I am going to pick this up. Beavis & Butt-Head were cool. Now, if they would just put "Daria" out on DVD. And Ghostbusters!!


----------



## Richard King (Mar 25, 2002)

What a waste of perfectly good plastic. :lol:


----------



## spanishannouncetable (Apr 23, 2002)

Butt-head : Uh huh huh huh, you said "waste".

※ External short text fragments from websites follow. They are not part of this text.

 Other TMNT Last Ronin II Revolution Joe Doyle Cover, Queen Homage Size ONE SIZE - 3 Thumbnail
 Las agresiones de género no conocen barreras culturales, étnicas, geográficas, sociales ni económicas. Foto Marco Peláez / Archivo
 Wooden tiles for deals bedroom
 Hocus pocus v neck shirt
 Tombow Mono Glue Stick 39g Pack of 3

Beavis : Yeah, mm-hmm-HMM-mm, waste. POOP. Waste rules.

:lol:


----------



## Mike T (Jul 24, 2002)

So you are saying that this "Box Set" is from the MTV days? or is it something else? I know I have worn out my "Bevis & Butthead Do America" DVD.


----------



## spanishannouncetable (Apr 23, 2002)

> _Originally posted by Mike T _
> *So you are saying that this "Box Set" is from the MTV days? or is it something else? I know I have worn out my "Beavis & Butthead Do America" DVD. *


Yes, these are the MTV shorts. They have the rock video critique segments removed because of rights issues so the cartoons run about 5 minutes each.

AND CHECK THIS OUT ! Another collection of B&B, and it looks like a different set -

http://www.timelife.com/is-bin/INTE...bD19HjPIs92jG85u2skoBAy_gccd?ProductSKU=18710

"The History of Beavis & Butt-Head" 2 Volume Collection, available everywhere soon, has 2 DVDs w/32 shorts + extras, while this TimeLife set has 3 seperately packaged discs w/ 43 episodes.


----------



## Steve Mehs (Mar 21, 2002)

I miss those guys, I watched them for years until South Park came around


----------